Assembly line balancing can be loosely defined as the process of optimizing an assembly line with regard to certain factors. Configuring an assembly line is a complicated process, and optimizing that system is an important part of many manufacturing business models. Maintaining and operating one is often quite costly, as well. The main focus of balancing is usually to optimize existing or planned assembly lines to minimize costs and maximize gains.
For instance, a car company might want to alter its assembly line layout in order to speed production. The company might consider the number of work stations a manufactured item must pass before it is complete and the time required at each point. Of course, each stage of this process requires a certain length of time, and the allotted time to finish a process, the number of workers, or the resource demand may also be considered, based on the specific manufacturing requirements.
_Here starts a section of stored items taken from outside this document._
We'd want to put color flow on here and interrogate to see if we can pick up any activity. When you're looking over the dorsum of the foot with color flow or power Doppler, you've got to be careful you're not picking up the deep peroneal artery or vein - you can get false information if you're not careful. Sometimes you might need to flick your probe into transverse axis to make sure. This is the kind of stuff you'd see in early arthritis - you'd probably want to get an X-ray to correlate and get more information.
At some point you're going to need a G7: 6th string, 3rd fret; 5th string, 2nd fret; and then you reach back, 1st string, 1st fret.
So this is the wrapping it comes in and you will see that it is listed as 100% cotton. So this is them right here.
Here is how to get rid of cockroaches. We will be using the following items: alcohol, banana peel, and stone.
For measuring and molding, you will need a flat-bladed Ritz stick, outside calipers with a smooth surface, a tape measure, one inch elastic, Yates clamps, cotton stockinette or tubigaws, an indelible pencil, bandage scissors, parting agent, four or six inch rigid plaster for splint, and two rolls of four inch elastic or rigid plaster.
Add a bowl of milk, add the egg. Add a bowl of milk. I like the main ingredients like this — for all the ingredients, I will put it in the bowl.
The possible results of an assembly line balancing process might be maximized efficiency, minimized time to finish a process, or minimized number of work stations necessary within a certain time frame. Each manufacturing process might be quite different from another, so a company balancing unique workloads must work within the constraints and restrictions affecting its specific assembly line.
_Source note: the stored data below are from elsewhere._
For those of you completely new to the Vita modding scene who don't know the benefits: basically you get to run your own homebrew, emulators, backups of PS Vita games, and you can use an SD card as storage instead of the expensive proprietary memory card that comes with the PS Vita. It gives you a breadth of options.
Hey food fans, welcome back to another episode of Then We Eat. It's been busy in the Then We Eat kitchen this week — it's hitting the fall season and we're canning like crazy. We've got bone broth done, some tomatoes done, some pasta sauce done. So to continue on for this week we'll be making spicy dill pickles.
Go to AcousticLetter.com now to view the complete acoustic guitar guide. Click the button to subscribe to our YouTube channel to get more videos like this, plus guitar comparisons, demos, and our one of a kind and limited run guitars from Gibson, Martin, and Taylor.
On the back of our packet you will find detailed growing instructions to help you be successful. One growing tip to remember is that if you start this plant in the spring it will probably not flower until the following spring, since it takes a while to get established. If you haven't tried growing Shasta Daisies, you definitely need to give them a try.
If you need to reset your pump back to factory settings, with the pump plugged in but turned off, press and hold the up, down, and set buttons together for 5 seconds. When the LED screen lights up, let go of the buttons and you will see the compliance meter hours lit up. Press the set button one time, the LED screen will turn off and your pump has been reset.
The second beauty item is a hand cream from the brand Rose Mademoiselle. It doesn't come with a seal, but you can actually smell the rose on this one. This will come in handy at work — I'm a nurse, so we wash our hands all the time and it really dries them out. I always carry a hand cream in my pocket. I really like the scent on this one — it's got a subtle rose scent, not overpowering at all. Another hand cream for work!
To optimize very specific operations, balancing an assembly line might require different methods, some of which include equations and algorithms concerning specific aspects of the manufacturing process. Complex manufacturing processes, such as making automobiles in large quantities, can be broken down into smaller parts, such as individual task times or the resource demands for each machine. This might be especially helpful in manufacturing processes that require the consideration of many variables, such as customized vehicles. Assembly line balancing can also guide decision-making based on the multitude of variables that can affect the manufacturing process.
Many times, this process might be used as support in decision making by offering many different models and types of data. For instance, the manager of a car manufacturer might analyze his or her operation based on the concepts of assembly line balancing using many different variables, and then make a decision based on that analysis. While this might provide the best response to an optimization effort based on one set of variables, the final decision may rest on multiple mathematical perspectives of the same problem.